Plus de 90 blessés pris en charge par MSF
Dans un communiqué à New York, le secrétaire général de l’ONU, Antonio Guterres, a condamné «dans les termes les plus forts» cette attaque, «la troisième contre un édifice religieux en moins d’une semaine».
À l’hôpital central de Kunduz, un docteur ayant requis l’anonymat a déclaré à l’AFP que jusqu’ici «35 corps et plus de 50 blessés» y avaient été reçus. La clinique locale de Médecins sans frontières (MSF) a, de son côté, indiqué sur Twitter, dans un bilan provisoire, avoir pris en charge vingt morts et 90 blessés.
Un témoin qui était dans le hall de la mosquée et ne révèle que son prénom, Rahmatullah, a déclaré: «Il y avait 300 ou 400 personnes à l’intérieur, plus aucune place. Nous étions dans le hall d’entrée quand soudain, l’explosion a eu lieu».
Zalmai Alokzai, un homme d’affaires qui s’est rendu à l’hôpital central de Kunduz pour donner son sang, a confirmé à l’AFP y avoir vu des dizaines de corps. «Les ambulances retournaient sur les lieux pour transporter les morts», a-t-il précisé. S’adressant à des journalistes locaux, Dost Muhammad, chef des services de sécurité des talibans à Kunduz, a déclaré: «Ceux qui ont commis cet acte veulent semer la discorde entre les sunnites et les chiites». «Nous assurons nos frères chiites que nous allons assurer leur sécurité et que de telles attaques ne se reproduiront pas. Nos aînés et toute la nation, dont nous, sommes attristés», a-t-il ajouté.
Après s’être contentée d’observer la situation dans les premiers jours ayant suivi la prise du pouvoir par les talibans à la mi-août, la branche locale de l’EI, l’EI-K (État islamique au Khorasan), a depuis multiplié les attaques. Elle a notamment ciblé, à plusieurs reprises, des combattants talibans dans la province du Nangharar (est), où elle est très présente depuis sa création en 2015.
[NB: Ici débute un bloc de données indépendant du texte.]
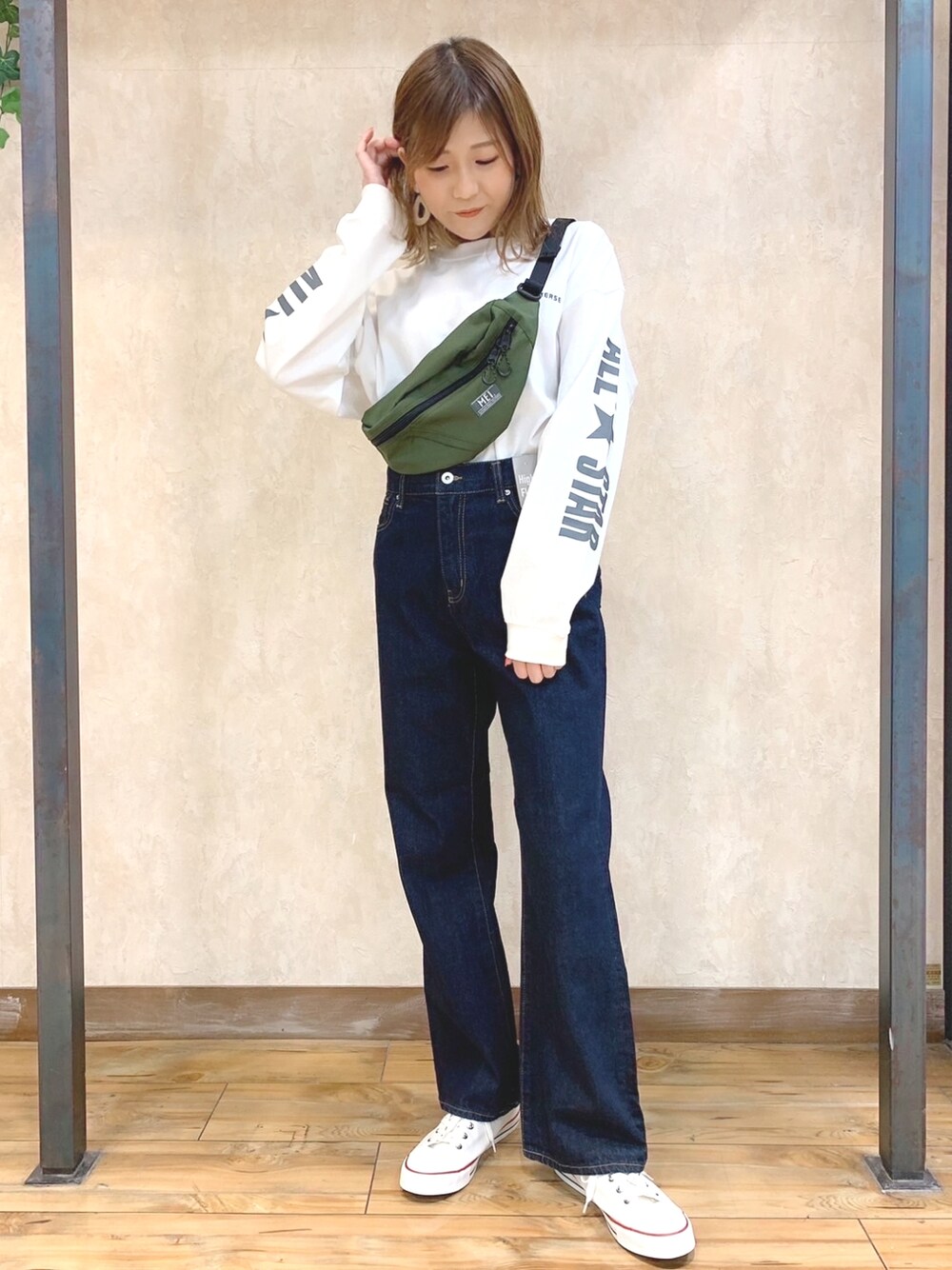 グリーン系のボディバッグ/ウエストポーチ、ホワイト系のTシャツ/カットソー、ブルー系のデニムパンツを着用したレディースの冬コーディネートの1枚目の写真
Pour les talibans, qui contrôlent l’ensemble de l’Afghanistan, la principale menace vient désormais de l’EI-K, qui disposerait de 500 à quelques milliers de combattants sur le territoire afghan, selon l’ONU.
«C’était terrifiant»
Une haine tenace et réciproque oppose ces deux groupes sunnites radicaux, les talibans ayant mené ces dernières années une féroce répression à l’encontre de leurs dissidents séduits par l’extrémisme de l’EI-K.
L’EI-K avait également revendiqué l’attentat commis le 26 août aux abords de l’aéroport de Kaboul, qui avait fait plus d’une centaine de morts, dont 13 soldats américains. Une enseignante de Kunduz a expliqué à l’AFP que l’explosion avait eu lieu près de son domicile.
«C’était terrifiant. Plusieurs de nos voisins ont été tués ou blessés», a-t-elle déclaré. «Un voisin de 16 ans a été tué. Ils n’ont pas pu retrouver la moitié de son corps.» L’EI-K a ciblé plusieurs fois dans le passé la minorité chiite hazara, qui représente entre 10 et 20% de la population afghane (environ 40 millions d’habitants) et qu’il considère comme hérétique.
Pour Michael Kugelman, spécialiste de l’Asie du Sud au Woodrow Wilson International Center for Scholars, «le principal message des talibans à la population depuis le 15 août est qu’ils ont restauré la sécurité en mettant fin à la guerre. Or un attentat comme celui de Kunduz remet cela largement en question».